A reference implementation of a Treiber stack with support for hazard pointers.

##### ck_stack

A reference implementation of an efficient lock-free stack, with specialized variants for a variety of memory management strategies and bounded concurrency.

##### ck_queue

A concurrently readable friendly derivative of the BSD-queue interface. Coupled with a safe memory reclamation mechanism, implement scalable read-side queues with a simple search and replace.

##### ck_hs

An extremely efficient single-writer-many-reader hash set, that satisfies lock-freedom with bounded concurrency without any usage of atomic operations and allows for recycling of unused or deleted slots. This data structure is recommended for use as a general hash-set if it is possible to compute values from keys. Learn more at https://engineering.backtrace.io/workload-specialization/ and http://concurrencykit.org/articles/ck_hs.html.

##### ck_ht

A specialization of the `ck_hs` algorithm allowing for disjunct key-value pairs.

##### ck_rhs

A variant of `ck_hs` that utilizes robin-hood hashing to allow for improved performance with higher load factors and high deletion rates.

#### Synchronization Primitives

##### ck_ec

An extremely efficient event counter implementation, a better alternative to condition variables.

##### ck_barrier

A plethora of execution barriers including: centralized barriers, combining barriers, dissemination barriers, MCS barriers, tournament barriers.

##### ck_brlock

A simple big-reader lock implementation, write-biased reader-writer lock with scalable read-side locking.

##### ck_bytelock

An implementation of bytelocks, for research purposes, allowing for (in theory), fast read-side acquisition without the use of atomic operations. In reality, memory barriers are required on the fast path.

##### ck_cohort

A generic lock cohorting interface, allows you to turn any lock into a NUMA-friendly scalable NUMA lock. There is a significant trade-off in fast path acquisition cost. Specialization is included for all relevant lock implementations in Concurrency Kit. Learn more by reading "Lock Cohorting: A General Technique for Designing NUMA Locks".

##### ck_elide

A generic lock elision framework, allows you to turn any lock implementation into an elision-aware implementation. This requires support for restricted transactional memory by the underlying hardware.

##### ck_pflock

Phase-fair reader-writer mutex that provides strong fairness guarantees between readers and writers. Learn more by reading "Spin-Based Reader-Writer Synchronization for Multiprocessor Real-Time Systems".

##### ck_rwcohort

A generic read-write lock cohorting interface, allows you to turn any read-write lock into a NUMA-friendly scalable NUMA lock. There is a significant trade-off in fast path acquisition cost. Specialization is included for all relevant lock implementations in Concurrency Kit. Learn more by reading "Lock Cohorting: A General Technique for Designing NUMA Locks".

##### ck_rwlock

A simple centralized write-biased read-write lock.

##### ck_sequence

A sequence counter lock, popularized by the Linux kernel, allows for very fast read and write synchronization for simple data structures where deep copy is permitted.

##### ck_swlock

A single-writer specialized read-lock that is copy-safe, useful for data structures that must remain small, be copied and contain in-band mutexes.

##### ck_tflock

Task-fair locks are fair read-write locks, derived from "Scalable reader-writer synchronization for shared-memory multiprocessors".

##### ck_spinlock

A basic but very fast spinlock implementation.
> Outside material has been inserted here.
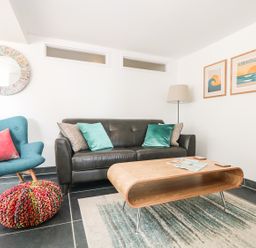 A living room with a black sofa teal armchair wooden coffee table and wall art at Gull Rock Trebarwith Strand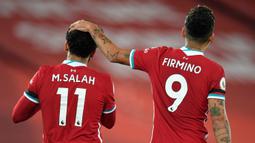 Roberto Firmino. Gelandang serang Liverpool ini mengenakan nomor punggung 11 di awal kedatangannya pada 2015/2016 hingga 2016/2017. Usai kedatangan Mohamed Salah pada 2017/2018 ia memberikan nomor tersebut kepada Salah dan mengganti nomornya menjadi 9 hingga kini. (Foto: AFP/Pool/Peter Powell)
##### ck_spinlock_anderson

Scalable and fast anderson spinlocks. This is here for reference, one of the earliest scalable and fair lock implementations.

##### ck_spinlock_cas

A basic spinlock utilizing compare_and_swap.

##### ck_spinlock_dec

A basic spinlock, a C adaption of the older optimized Linux kernel spinlock for x86. Primarily here for reference.

##### ck_spinlock_fas

A basic spinlock utilizing atomic exchange.

##### ck_spinlock_clh

An efficient implementation of the scalable CLH lock, providing many of the same performance properties of MCS with a better fast-path.

##### ck_spinlock_hclh

A NUMA-friendly CLH lock.

##### ck_spinlock_mcs

An implementation of the seminal scalable and fair MCS lock.

##### ck_spinlock_ticket

An implementation of fair centralized locks.